Mel, I've just ridden Bilbao to Seville, the thing is you get to see things that you would not in a car or on a motorbike (the latter I've done many euro tours on). For example, a wild cat in Extramaduraand having a golden eagle come down from high, buzz you and then glide just in front of your front wheel whilst deciding whether or not to attack you in Montfrague national park. You notice the landscape and temperatures changing gradually, you "feel" things. You also get to meet many more people than in a car or on a m/bike, I enjoy that very much. I also enjoy being able to get right into a City centre and zip about where I like, a lot easier than walking and no looking for car parking or paying charges.

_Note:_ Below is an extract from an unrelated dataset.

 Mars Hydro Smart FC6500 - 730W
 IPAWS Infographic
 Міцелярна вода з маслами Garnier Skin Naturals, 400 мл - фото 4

No tax or insurance to worry about, bike get's stolen, so what, pick up another. It's a carefree, inexpensive activity and very healthy indeed, I am in better shape at 50 than I was at 25. Next stop, Brescia!


----------



## mel (Dec 6, 2006)

You're quite right Mark, as always, just as long as you're not there in October when I'm whistling along in my FIAT convertible hire car between Torry and the Mar Menor :lol:

I don't *REALLY* mind the responsible guys *too* much, it's the numpties who decide they don't need to obey traffic lights, one way streets and

"I wont bovver takling my foot out of the stirrup, I'll just lean against this guys motor until the traffic moves again"

:weed:

And Dancing is carefree, inexpnsive and (shhhhh!) sexy as well, me and yer Ma at the afternoon Tea Dance will vouch for that!


----------



## OldHooky (Aug 30, 2011)

Excellent link to Lidl. Will definitely pick one up. Thanks for that.


----------